@katzenjoghurt:
For the core functions of the x265 encoder (especially those which are most often called in tight loops), some of the following sentences may be true, depending on performance gain, development progress in different bit depths, etc.:
- There is basic C/C++ code. It depends on the compiler options which instruction set is used. If your CPU supports it, x265 can use this code. If not, it will crash due to unsupported instructions.
- There is hand-optimized assembler code with MMX/SSE2 optimization. If your CPU supports it, x265 can use this code. If not, x265 should use simpler code.
- There is hand-optimized assembler code with SSSE3/SSE4 optimization. If your CPU supports it, x265 can use this code. If not, x265 should use simpler code.
- There is hand-optimized assembler code with AVX optimization. If your CPU supports it, x265 can use this code. If not, x265 should use simpler code.
- There is hand-optimized assembler code with AVX2 optimization. If your CPU supports it and you enable it explicitly, x265 can use this code.
Well, for any x86-64 CPU today, SSE2 should be the minimum sensible supported instruction set. But already there are small differences.

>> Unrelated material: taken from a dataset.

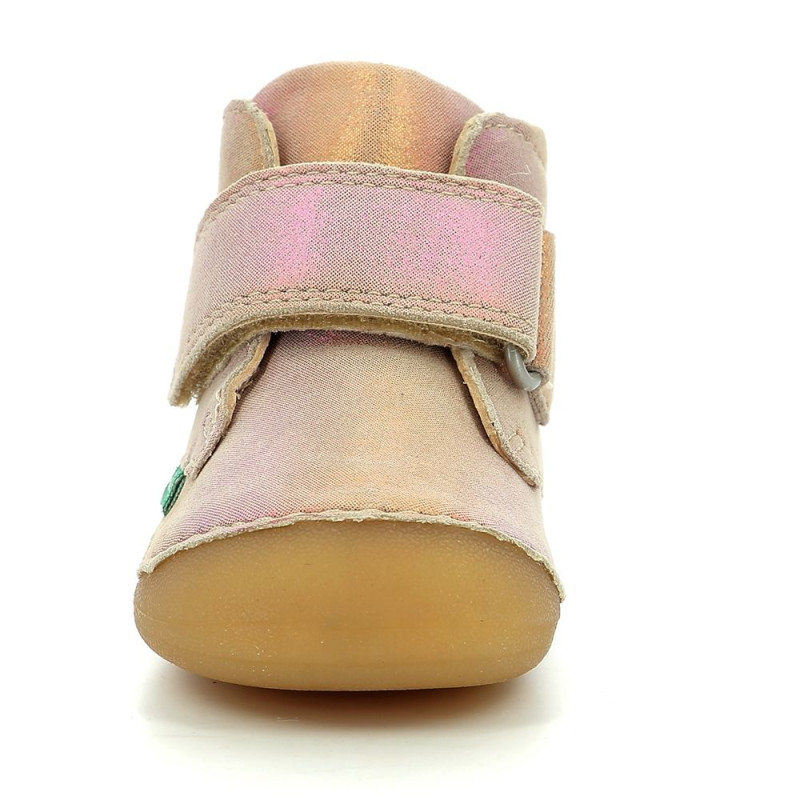 Kickers Kickers Sabio Rose Rainbow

I remember the Athlon 64 (AMD K8) family being a threshold of providing an SSE2 implementation which is considered relatively "fast", but despite supporting SSE3 in specs, x264 and x265 will refuse to use it.
Usually all these code variants are present in a binary of (lib)x265, except they are excluded during compilation (e.g. you may disable all assembler code paths; but why would you want that?).